Go home, Australian government, you're drunk. That's the general sentiment among technology firms and privacy advocates around the world, in response to a controversial encryption bill Australia's parliament passed this week. The new legislation forces companies to crack their own encryption when and if it's requested by law enforcement and intelligence agencies.
That in and of itself is controversial—Apple, for example, refused the US Federal Bureau of Investigation's demands to build a backdoor into iOS so that it could crack an iPhone that was confiscated from a crime scene. The issue was headed to court, until the FBI found another way to unlock the iPhone, and subsequently dropped its lawsuit.
Australia's law is much more concerning though. The vaguely worded bill would force companies like Apple and Facebook to build backdoors into their secure messaging platforms (WhatsApp and iMessage, respectively). Not only that, the bill enables intelligence and law enforcement officials to approach specific employees within a company to break encryption.
The way the bill is worded, a law enforcement official could, in theory, compel a software engineer in charge of pushing out software updates to crack his or her company's own security measures, and do it in secret.
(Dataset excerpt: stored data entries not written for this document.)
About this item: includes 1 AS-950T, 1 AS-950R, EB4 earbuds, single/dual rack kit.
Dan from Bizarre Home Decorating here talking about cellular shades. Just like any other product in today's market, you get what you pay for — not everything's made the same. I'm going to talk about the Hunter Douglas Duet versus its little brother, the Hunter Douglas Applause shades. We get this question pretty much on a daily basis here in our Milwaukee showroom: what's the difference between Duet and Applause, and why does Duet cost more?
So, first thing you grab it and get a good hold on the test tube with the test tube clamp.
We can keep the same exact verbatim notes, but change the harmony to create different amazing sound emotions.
Failure to comply could mean actual jail time, while companies would be on the hook for fines of up to around $7.3 million.
Australian lawmakers passed the controversial bill, but what's really surprising is that even opponents to the bill in Parliament threw their support behind it.
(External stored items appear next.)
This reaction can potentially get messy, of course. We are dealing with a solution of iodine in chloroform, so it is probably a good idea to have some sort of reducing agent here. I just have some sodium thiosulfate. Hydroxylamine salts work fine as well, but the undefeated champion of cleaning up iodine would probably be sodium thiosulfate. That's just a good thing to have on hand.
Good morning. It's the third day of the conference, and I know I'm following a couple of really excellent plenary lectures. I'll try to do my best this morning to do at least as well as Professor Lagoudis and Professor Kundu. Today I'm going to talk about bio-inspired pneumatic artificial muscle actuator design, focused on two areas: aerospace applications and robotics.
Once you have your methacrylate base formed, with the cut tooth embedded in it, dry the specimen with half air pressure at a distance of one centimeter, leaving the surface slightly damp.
"We will pass the legislation, inadequate as it is, so we can give our security agencies some of the tools they say they need," opposition Labor party leader Bill Shorten told reporters, according to Wired.
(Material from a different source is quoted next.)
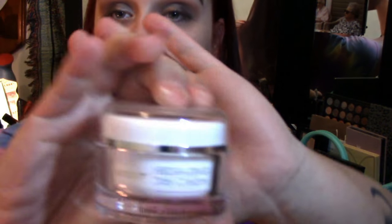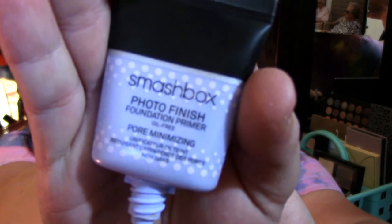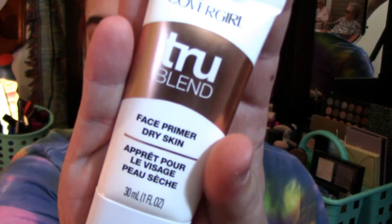I'm going to moisturize quickly with the Lana Cream Hydrating Day Cream, then prime with the Smashbox Photo Finish Foundation Primer Pore Minimizing on my T-zone where my pores are really big. For the rest of my face I'm using the CoverGirl TrueBlend Face Primer for dry skin. I really love this stuff.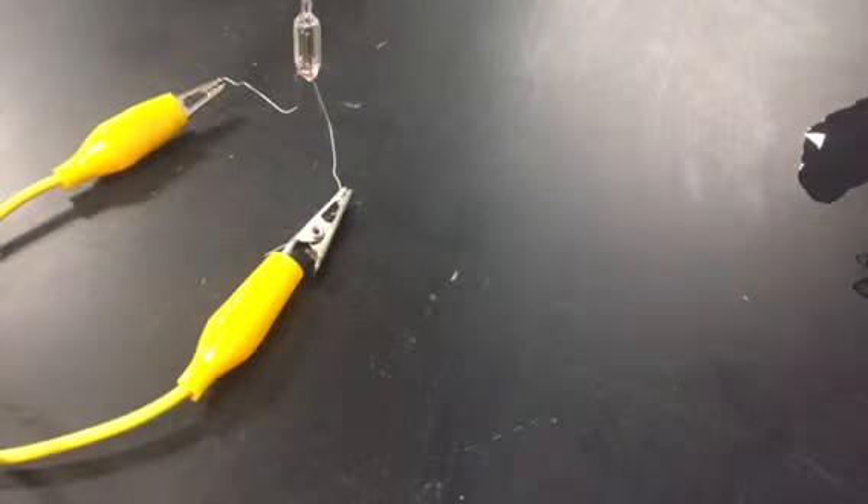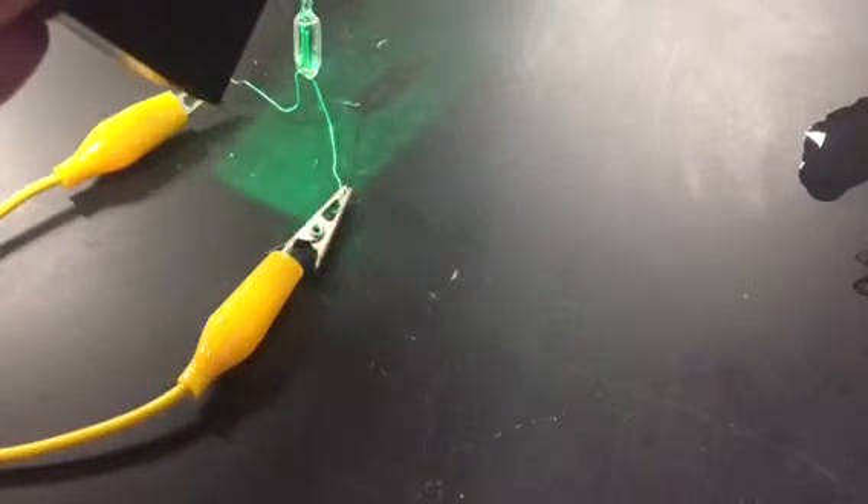However, if we try it again with a green light, it does not work. And that is also true with red light, but I feel almost silly showing it because everybody knows this already.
Australia is essentially setting a dangerous precedent that other government agencies around the world can follow.
"The debate about simplifying lawful access to encrypted communication carries a considerable risk of regulations spilling to other countries," says Lukasz Olejnik, a security and privacy researcher and member of the W3C Technical Architecture Group. "Once the capabilities exist, there will be many parties interested in similar access. It would spread."
It remains to be seen how all of this will play out and how far Australia is willing to go. Would it actually threaten an Apple employee with jail time, for example, if the worker didn't comply? Probably not, but it's concerning that there's now a law that would allow such a thing.